If you’re trying to figure out a good way to protect yourself in case the iproperty turns out to be a money pit, this is what you should know.

What’s a go-dark clause?

Most commercial leases require you to operate your business continuously for the duration of the lease. If you’re in a unit with multiple stores, like a retail mall, that means adhering to the mall’s hours of operations — even if it isn’t profitable for you. It also puts you in default and can make you subject to penalties if you have to close down entirely.

A go-dark clause gives you the right to shut down your store without penalties as long as you pay your rent.

What else can they do?

In conjunction with a co-tenancy clause, you can also gain the right to close your store down or take a significant reduction in your rental obligation if one of the anchor stores in the mall goes out of business.

For anybody who has witnessed what can happen when the anchor store in a mall suddenly fails, this clause is an obvious life saver.

What other options are there?

You can also negotiate a “right to recapture” with the landlord.
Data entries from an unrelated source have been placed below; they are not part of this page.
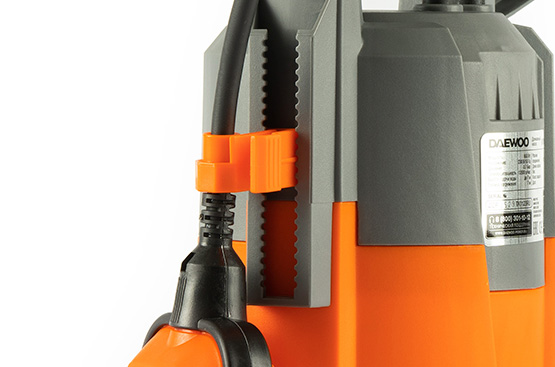 Надежный двигатель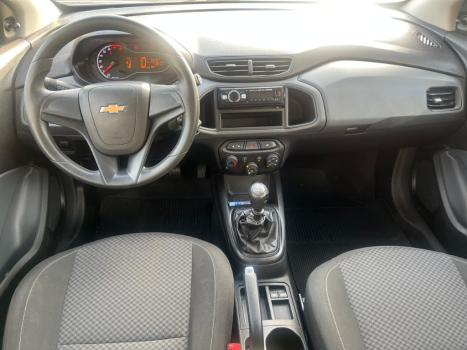 CHEVROLET Onix Hatch 1.0 4P FLEX JOY, Foto 9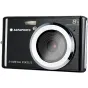 Compact Cameras - AgfaPhoto Realishot DC5200, black DC5200BK - buy today in Master Foto store and with delivery Best choise selected by experts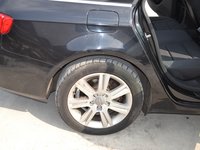 ARC DREAPTA SPATE AUDI A4 B8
This will give the landlord the ability to take the space back if you decide you can’t keep up with the hours. This is often seen as a win-win for both parties. However, it can become a problem for tenants if they need to close for a short period. An overeager landlord can leap onto an opportunity like that to recapture the space when there’s another tenant waiting.

It’s important to consider the possibility that your store isn’t going to be profitable — even if it isn’t pleasant to consider. That’s the best way to manage your losses before they happen.